■ Work item
Output exactly the lines below, starting with the line that has "Crocs Classic Clog x PALACE Jungle Camo" and going on through the line that has "Рашгард Hayabusa Iron", both included, and no other lines.

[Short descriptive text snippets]
-------------------------
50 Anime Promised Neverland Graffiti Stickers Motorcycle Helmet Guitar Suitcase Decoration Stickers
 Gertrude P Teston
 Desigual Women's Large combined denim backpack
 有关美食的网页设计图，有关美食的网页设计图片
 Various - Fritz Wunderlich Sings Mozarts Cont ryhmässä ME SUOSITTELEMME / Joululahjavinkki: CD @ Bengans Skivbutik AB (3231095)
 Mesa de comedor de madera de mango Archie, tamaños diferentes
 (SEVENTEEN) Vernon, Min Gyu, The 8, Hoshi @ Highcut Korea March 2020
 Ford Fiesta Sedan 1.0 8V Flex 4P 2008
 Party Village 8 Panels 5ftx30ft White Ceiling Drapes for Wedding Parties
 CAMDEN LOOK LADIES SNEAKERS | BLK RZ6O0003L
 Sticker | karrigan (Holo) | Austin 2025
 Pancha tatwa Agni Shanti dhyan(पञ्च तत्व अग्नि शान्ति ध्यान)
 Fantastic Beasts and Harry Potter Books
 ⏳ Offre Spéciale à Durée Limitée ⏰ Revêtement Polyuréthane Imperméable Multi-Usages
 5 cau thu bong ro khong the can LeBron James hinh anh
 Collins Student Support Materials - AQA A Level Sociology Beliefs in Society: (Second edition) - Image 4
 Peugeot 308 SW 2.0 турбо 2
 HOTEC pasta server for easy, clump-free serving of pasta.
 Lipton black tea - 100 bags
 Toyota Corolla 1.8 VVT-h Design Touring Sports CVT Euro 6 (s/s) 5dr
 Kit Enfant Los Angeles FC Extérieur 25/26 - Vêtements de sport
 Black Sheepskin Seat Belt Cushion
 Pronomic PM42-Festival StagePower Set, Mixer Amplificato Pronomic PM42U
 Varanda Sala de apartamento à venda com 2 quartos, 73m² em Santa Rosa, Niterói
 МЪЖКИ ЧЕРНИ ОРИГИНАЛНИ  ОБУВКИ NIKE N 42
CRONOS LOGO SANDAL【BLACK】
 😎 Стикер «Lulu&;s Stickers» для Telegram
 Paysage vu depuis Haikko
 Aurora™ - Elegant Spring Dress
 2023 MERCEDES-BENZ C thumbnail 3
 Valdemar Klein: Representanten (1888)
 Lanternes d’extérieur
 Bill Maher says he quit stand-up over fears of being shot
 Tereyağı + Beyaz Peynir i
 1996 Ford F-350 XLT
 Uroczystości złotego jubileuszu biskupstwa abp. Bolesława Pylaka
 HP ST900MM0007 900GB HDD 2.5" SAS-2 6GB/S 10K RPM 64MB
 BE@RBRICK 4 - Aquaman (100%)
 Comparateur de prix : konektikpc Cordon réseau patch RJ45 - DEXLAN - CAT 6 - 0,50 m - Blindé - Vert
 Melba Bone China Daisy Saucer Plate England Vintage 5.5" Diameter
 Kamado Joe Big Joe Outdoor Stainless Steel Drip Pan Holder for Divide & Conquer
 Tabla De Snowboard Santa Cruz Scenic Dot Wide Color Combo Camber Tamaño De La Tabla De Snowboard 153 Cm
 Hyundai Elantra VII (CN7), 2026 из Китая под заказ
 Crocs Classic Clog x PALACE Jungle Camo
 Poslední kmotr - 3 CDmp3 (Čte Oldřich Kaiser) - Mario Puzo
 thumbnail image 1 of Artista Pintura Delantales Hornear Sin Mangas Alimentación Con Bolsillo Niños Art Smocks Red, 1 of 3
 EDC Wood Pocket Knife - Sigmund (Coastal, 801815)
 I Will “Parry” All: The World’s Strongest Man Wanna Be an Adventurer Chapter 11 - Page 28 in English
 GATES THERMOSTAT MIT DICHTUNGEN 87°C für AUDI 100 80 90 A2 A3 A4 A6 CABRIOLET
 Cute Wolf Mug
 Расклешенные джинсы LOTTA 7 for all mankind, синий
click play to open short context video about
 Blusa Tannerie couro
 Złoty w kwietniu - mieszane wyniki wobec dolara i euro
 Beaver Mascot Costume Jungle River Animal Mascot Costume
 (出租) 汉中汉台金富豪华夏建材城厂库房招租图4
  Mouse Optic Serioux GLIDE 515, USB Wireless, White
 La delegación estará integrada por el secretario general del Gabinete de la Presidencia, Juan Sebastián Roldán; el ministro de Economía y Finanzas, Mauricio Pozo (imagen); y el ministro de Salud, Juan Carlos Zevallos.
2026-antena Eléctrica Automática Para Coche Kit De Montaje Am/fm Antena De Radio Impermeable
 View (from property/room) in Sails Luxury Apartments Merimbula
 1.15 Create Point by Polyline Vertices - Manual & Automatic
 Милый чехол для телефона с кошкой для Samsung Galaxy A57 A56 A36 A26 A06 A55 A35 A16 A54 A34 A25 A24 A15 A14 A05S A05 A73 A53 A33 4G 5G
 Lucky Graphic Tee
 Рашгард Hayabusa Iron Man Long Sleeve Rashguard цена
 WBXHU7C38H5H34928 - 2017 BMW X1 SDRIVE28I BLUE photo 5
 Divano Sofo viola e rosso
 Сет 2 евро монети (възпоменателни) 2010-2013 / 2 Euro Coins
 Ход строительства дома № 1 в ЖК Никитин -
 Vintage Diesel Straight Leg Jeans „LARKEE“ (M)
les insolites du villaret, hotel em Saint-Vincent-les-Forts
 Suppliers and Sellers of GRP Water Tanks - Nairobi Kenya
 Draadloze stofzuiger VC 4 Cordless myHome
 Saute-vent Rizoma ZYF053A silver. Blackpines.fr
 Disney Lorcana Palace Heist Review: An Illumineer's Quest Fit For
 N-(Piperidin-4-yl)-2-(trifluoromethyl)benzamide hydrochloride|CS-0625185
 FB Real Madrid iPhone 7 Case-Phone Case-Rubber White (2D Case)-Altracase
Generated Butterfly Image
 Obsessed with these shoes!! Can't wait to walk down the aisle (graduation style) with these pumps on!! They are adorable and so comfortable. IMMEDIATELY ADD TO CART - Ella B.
-------------------------
■ Result
 Crocs Classic Clog x PALACE Jungle Camo
 Poslední kmotr - 3 CDmp3 (Čte Oldřich Kaiser) - Mario Puzo
 thumbnail image 1 of Artista Pintura Delantales Hornear Sin Mangas Alimentación Con Bolsillo Niños Art Smocks Red, 1 of 3
 EDC Wood Pocket Knife - Sigmund (Coastal, 801815)
 I Will “Parry” All: The World’s Strongest Man Wanna Be an Adventurer Chapter 11 - Page 28 in English
 GATES THERMOSTAT MIT DICHTUNGEN 87°C für AUDI 100 80 90 A2 A3 A4 A6 CABRIOLET
 Cute Wolf Mug
 Расклешенные джинсы LOTTA 7 for all mankind, синий
click play to open short context video about
 Blusa Tannerie couro
 Złoty w kwietniu - mieszane wyniki wobec dolara i euro
 Beaver Mascot Costume Jungle River Animal Mascot Costume
 (出租) 汉中汉台金富豪华夏建材城厂库房招租图4
  Mouse Optic Serioux GLIDE 515, USB Wireless, White
 La delegación estará integrada por el secretario general del Gabinete de la Presidencia, Juan Sebastián Roldán; el ministro de Economía y Finanzas, Mauricio Pozo (imagen); y el ministro de Salud, Juan Carlos Zevallos.
2026-antena Eléctrica Automática Para Coche Kit De Montaje Am/fm Antena De Radio Impermeable
 View (from property/room) in Sails Luxury Apartments Merimbula
 1.15 Create Point by Polyline Vertices - Manual & Automatic
 Милый чехол для телефона с кошкой для Samsung Galaxy A57 A56 A36 A26 A06 A55 A35 A16 A54 A34 A25 A24 A15 A14 A05S A05 A73 A53 A33 4G 5G
 Lucky Graphic Tee
 Рашгард Hayabusa Iron Man Long Sleeve Rashguard цена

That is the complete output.